Perdita dei raccolti
C’è un diffuso allarmismo anche tra gli agricoltori siciliani per un andamento climatico davvero preoccupante che potrebbe non lasciare scampo soprattutto in termini economici. Le dighe sono quasi all’asciutto mentre i torrenti hanno ridotto a qualche rivolo le loro portate. Il caldo anomalo di inizio inverno sconvolge la natura e rischia addirittura di far ripartire le fioriture con il pericolo di esporre le coltivazioni ai danni di un prevedibile forte abbassamento delle temperature e la perdita dei raccolti. Se non arriva il freddo, inoltre, le popolazioni di insetti che causano danni alle colture potrebbero sopravvivere e svernare per attaccare i raccolti nella prossima primavera.

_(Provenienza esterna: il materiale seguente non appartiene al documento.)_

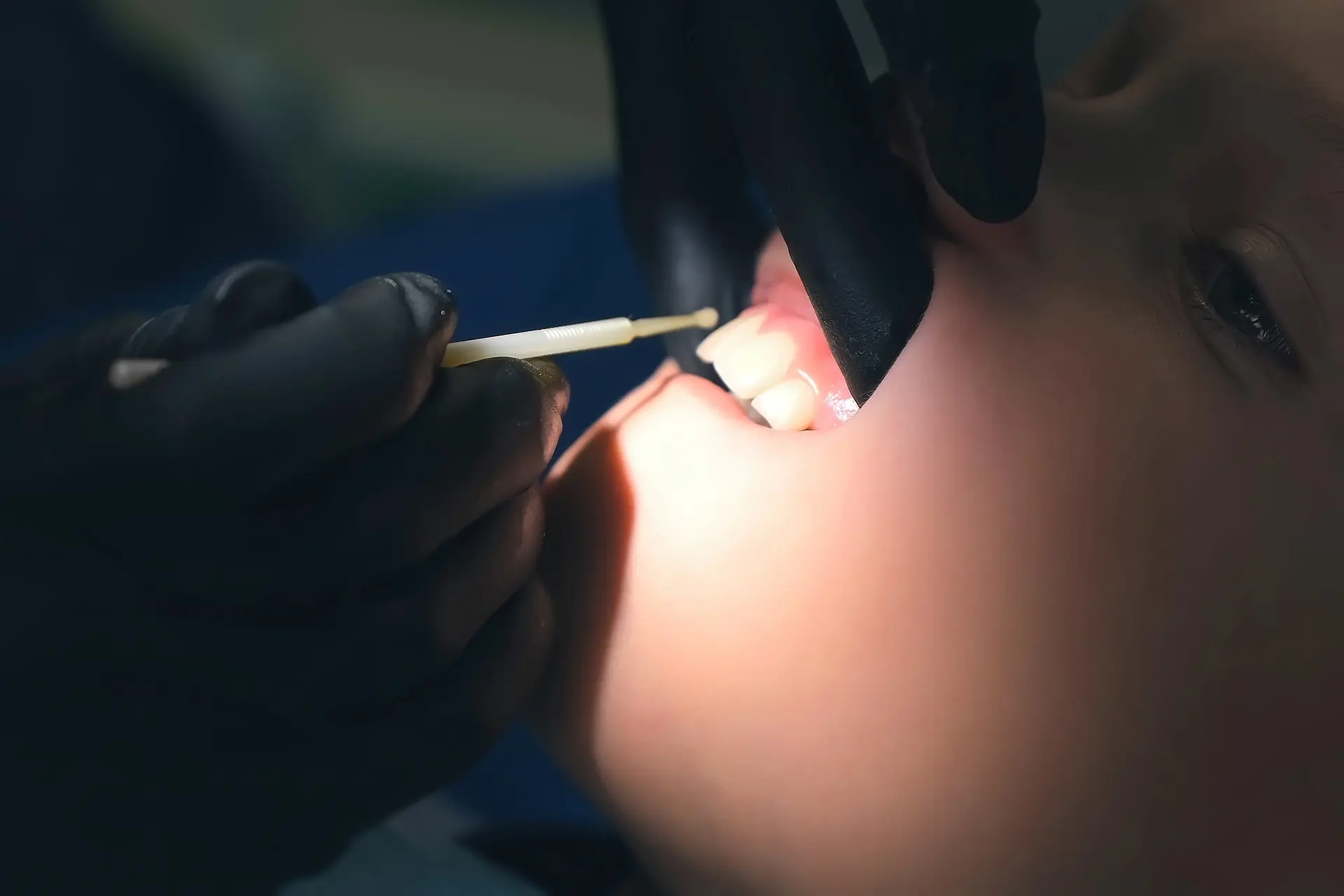 Dentist discussing silver diamine fluoride treatment options with a young patient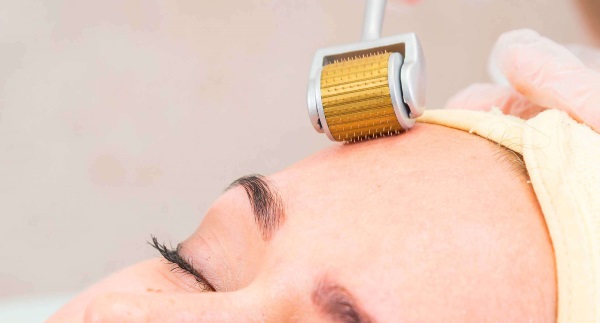 Microneedling: nó là gì, nó được thực hiện như thế nào. Thiết bị, chống chỉ định, giá của quy trình, đánh giá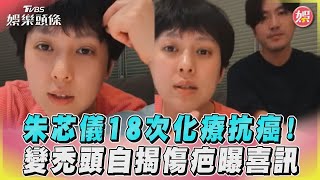 朱芯儀18次化療抗癌！　變禿頭自揭傷疤曝喜訊｜TVBS娛樂頭條@tvbsforfun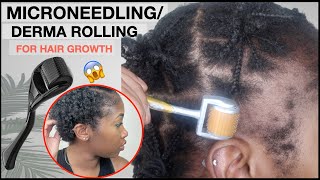 MICRONEEDLINGDERMA ROLLING FOR EDGE GROWTH  Two Month Update  TRACTION ALOPECIA 🚨 NO MINOXIDIL [upl. by Sand]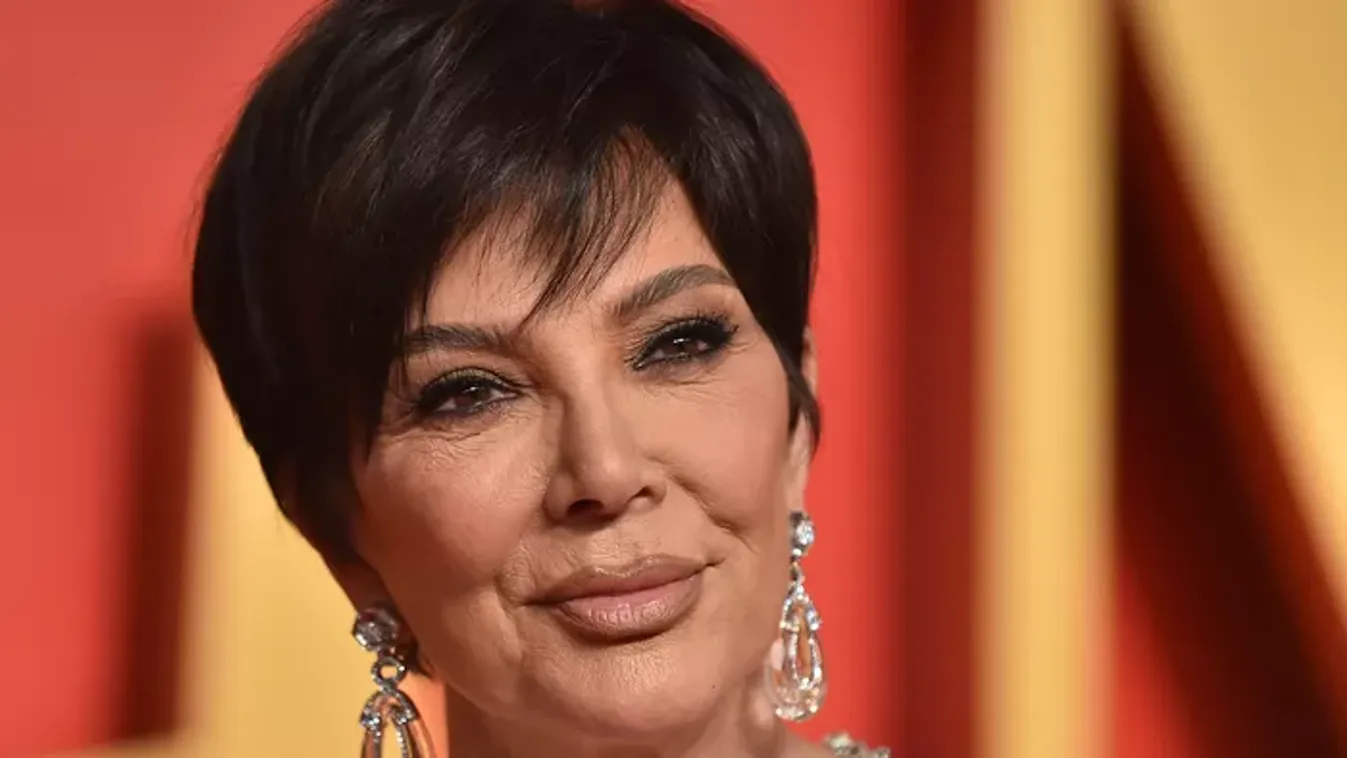 Kris Jenner őrjöng: nem elégedett a 100 ezer dolláros arcplasztikájával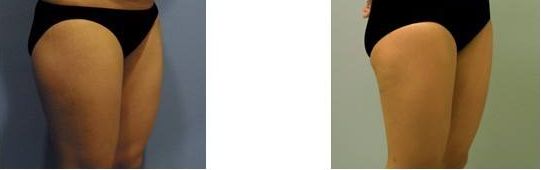 沈陽雙眼皮整形醫(yī)生哪位技術出眾？受歡迎的三位醫(yī)師推薦2023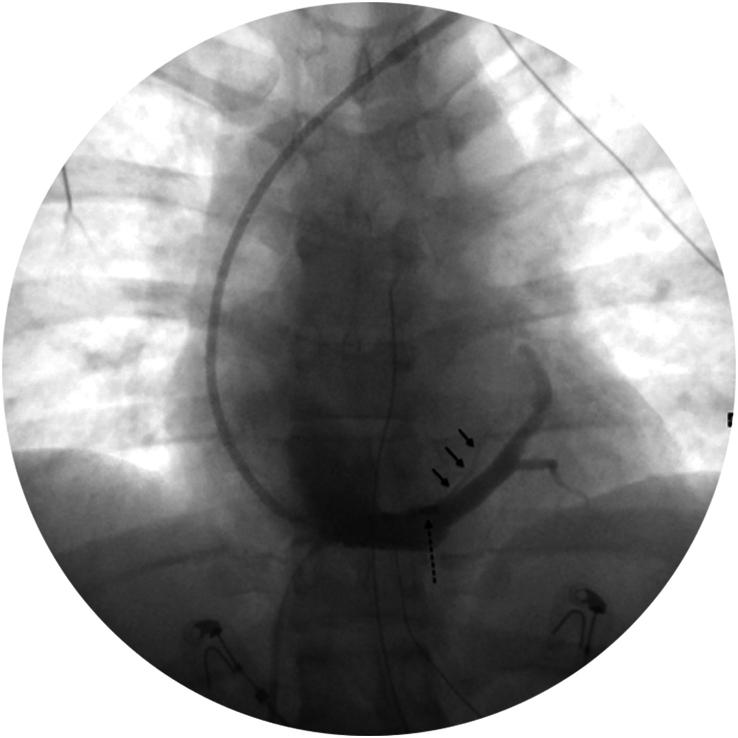 https://cdn.ncbi.nlm.nih.gov/pmc/blobs/1331/11374250/39e0d1d0471c/ms9-86-5648-g003.jpg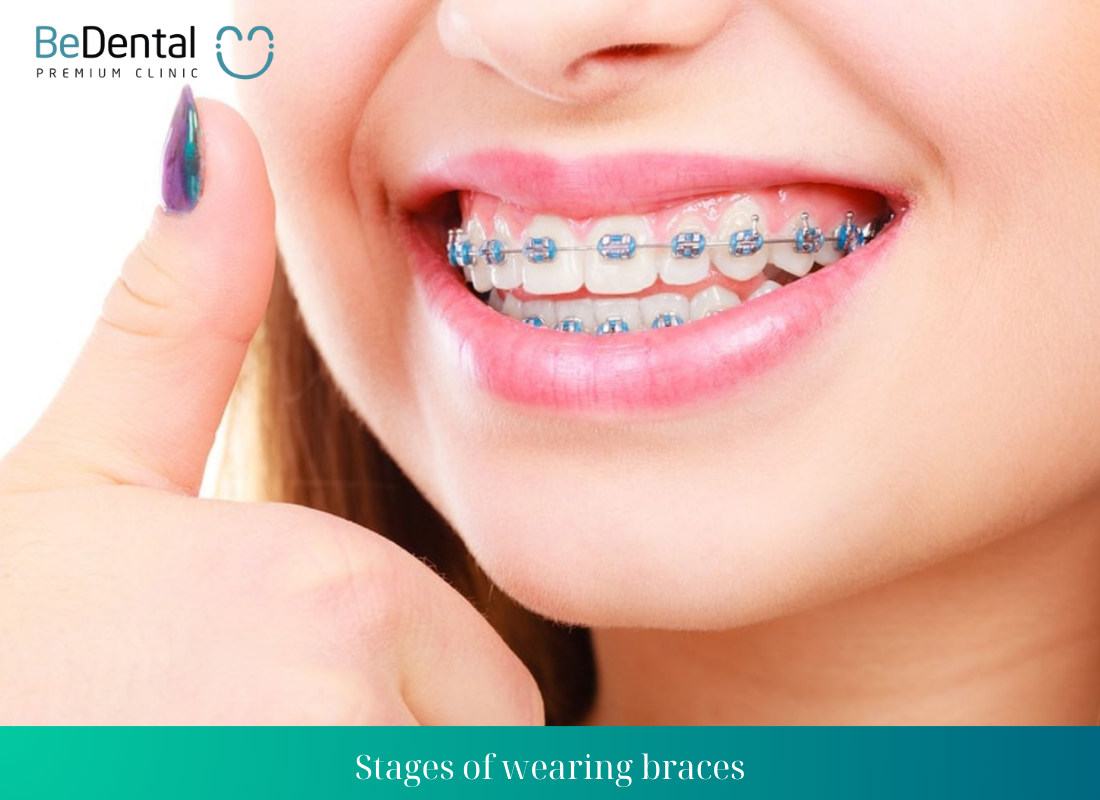 Stages of wearing braces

Dopo un autunno climatologico che si è classificato in Italia come il più caldo mai registrato dal 1800 con una temperatura superiore di 2,1 gradi la media storica sta seguendo un andamento climatico davvero preoccupante.
Sei miliardi di danni
Il pianeta in sofferenza crea un danno per l’agricoltura anche in alta quota con la mancanza di neve che impedisce di creare le scorte idriche necessarie alle produzioni. Le premesse climatiche per questo nuovo anno non sembrano dunque delle più rosee, dopo un 2023 bollente ma segnato in Italia anche da una media di 9 eventi estremi al giorno con oltre 6 miliardi di danni all’agricoltura nazionale tra coltivazioni e infrastrutture con grandinate, trombe d’aria, bombe d’acqua, ondate di calore e tempeste di vento. In realtà siamo di fronte negli ultimi anni, sottolinea la Coldiretti, ad una evidente tropicalizzazione del clima con una elevata frequenza di fenomeni meteorologici estremi sempre più violenti, sfasamenti stagionali, precipitazioni brevi ed intense ed il rapido passaggio dal caldo al maltempo con effetti devastanti. Non è un caso che il 2023 si appresta ad essere classificato ai vertici della classifica degli anni più roventi negli ultimi due secoli che si concentra in Italia, peraltro, nell’ultimo decennio e comprende fino ad ora nell’ordine secondo l’analisi della Coldiretti il 2022 il 2018, il 2015, il 2014, il 2019 e il 2020.